Triglycerides of cottonseed oil were separated by thin layer chromatography (TLC), and fractionated by high-performance liquid chromatography (HPLC) on the basis of partition numbers. From each fraction, it was fractionated again on the basis of acyl carbon numbers using gas liquid chromatography (GLC).
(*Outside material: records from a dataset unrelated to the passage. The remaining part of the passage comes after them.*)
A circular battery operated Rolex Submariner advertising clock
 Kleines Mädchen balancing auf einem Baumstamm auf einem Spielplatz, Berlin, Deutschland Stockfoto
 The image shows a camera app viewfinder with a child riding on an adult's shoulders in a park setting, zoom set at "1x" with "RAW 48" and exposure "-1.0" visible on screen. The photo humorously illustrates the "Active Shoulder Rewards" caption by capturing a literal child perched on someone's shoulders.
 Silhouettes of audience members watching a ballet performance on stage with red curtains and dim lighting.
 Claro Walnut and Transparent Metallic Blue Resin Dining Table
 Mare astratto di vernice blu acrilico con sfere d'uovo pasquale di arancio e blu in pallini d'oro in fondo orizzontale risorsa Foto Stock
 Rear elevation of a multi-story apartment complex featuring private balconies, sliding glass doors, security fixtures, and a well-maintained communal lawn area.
The fatty acids of triglyceride for each partition number group were analyzed by GLC. From, these results, triglyceride constituents of cotton seed oil were estimated to be 37 kinds of triglycerides. The major triglycerides and their contents in cotton seed oil were as follows: 25.8%$(C_{16:0},\;C_{18:2},\;C_{18:2})$, 15.5%$(C_{18:2},\;C_{18:2},\;C_{18:2})$, 13.8%$(C_{16:0},\;C_{18:2},\;C_{16:0})$, 8.3%$(C_{18:2},\;C_{18:1},\;C_{18:2})$, 6.2%$(C_{18:2},\;C_{18:1},\;C_{18:1})$, 4.1%$(C_{18:1},\;C_{18:1},\;C_{14:0})$, 3.4%$(C_{16:0},\;C_{18:1},\;C_{16:0})$, 2.3%$(C_{18:1},\;C_{18:2},\;C_{16:0})$, 2.2%$(C_{18:1},\;C_{18:1},\;C_{18:1})$, 1.0%$(C_{14:0},\;C_{18:2},\;C_{18:1})$.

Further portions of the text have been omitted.